◆ What is being asked
Nothing in the records may be left out or reworded; return them exactly.

◆ Stored dataset items

• • • •

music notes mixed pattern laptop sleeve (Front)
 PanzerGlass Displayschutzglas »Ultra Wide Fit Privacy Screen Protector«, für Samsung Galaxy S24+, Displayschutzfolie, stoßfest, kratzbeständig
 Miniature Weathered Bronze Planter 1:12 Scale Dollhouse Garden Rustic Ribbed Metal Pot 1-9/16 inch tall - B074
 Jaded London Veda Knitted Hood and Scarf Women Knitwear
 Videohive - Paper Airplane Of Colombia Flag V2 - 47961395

• • • •

◆ Result
music notes mixed pattern laptop sleeve (Front)
 PanzerGlass Displayschutzglas »Ultra Wide Fit Privacy Screen Protector«, für Samsung Galaxy S24+, Displayschutzfolie, stoßfest, kratzbeständig
 Miniature Weathered Bronze Planter 1:12 Scale Dollhouse Garden Rustic Ribbed Metal Pot 1-9/16 inch tall - B074
 Jaded London Veda Knitted Hood and Scarf Women Knitwear
 Videohive - Paper Airplane Of Colombia Flag V2 - 47961395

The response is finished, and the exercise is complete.